L’idea di caos, così come viene consegnata dall’endiadi toho wavohu ricorda certamente l’intuizione greca del Χάος, Cháos come uno spazio vuoto con carattere generativo, un abisso spalancato[8] (si fa derivare il termine dalla medesima radice presente in chàsko, lo spalancare della bocca)[9]. Tuttavia sussiste una differenza radicale: l’abisso caotico greco genera il cosmo, nelle sue varie espressioni, mentre il tohu wavohu ebraico esprime il divenire della materia informata da Dio, in un processo di progressivo perfezionamento, in direzione del Creatore stesso.

 1.2. Ma la terra era disadorna e deserta

La bellezza poetica e la grandiosità teologica della creazione da parte di Dio onnipotente ed eterno, come viene narrata dalla Torah, ha posto un’aporia molto complessa al pensiero antico, a partire dai Padri della Chiesa (Basilio di Cesarea e Gregorio Nazianzeno) e da Agostino. Al centro, un dilemma che chiama in causa l’ordine e il disordine, il cosmo e il caos, brevemente accennato nei paragrafi precedenti. In breve: com’è possibile che il Creatore abbia dato vita alle cose nel tempo, e non simultaneamente? E poi, è stata creata la materia inerte o quella con impresse le forme delle cose, cioè le loro strutture portanti? C’è quell’espressione – disadorna e deserta, tohu wa vohu – che fa parecchio problema.

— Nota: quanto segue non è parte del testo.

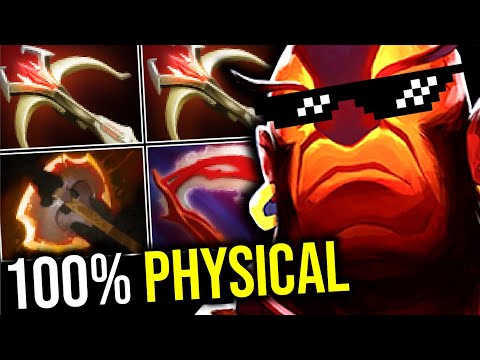 100% PHYSICAL DAMAGE..!! 2x Daedalus Ember Spirit Insane Sleight of Fist 7.25 | Dota 2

Alla questione il sommo Tommaso d’Aquino, filosofo e teologo del XIII secolo ha dedicato la IV e la V Quaestio del suo trattato De Potentia Dei[10]. Il Doctor Angelicus si chiede:

 

  • Se la creazione della materia informe abbia preceduto in ordine di tempo la creazione delle cose.
  • Se la materia informe sia stata creata tutta insieme o in momenti successivi.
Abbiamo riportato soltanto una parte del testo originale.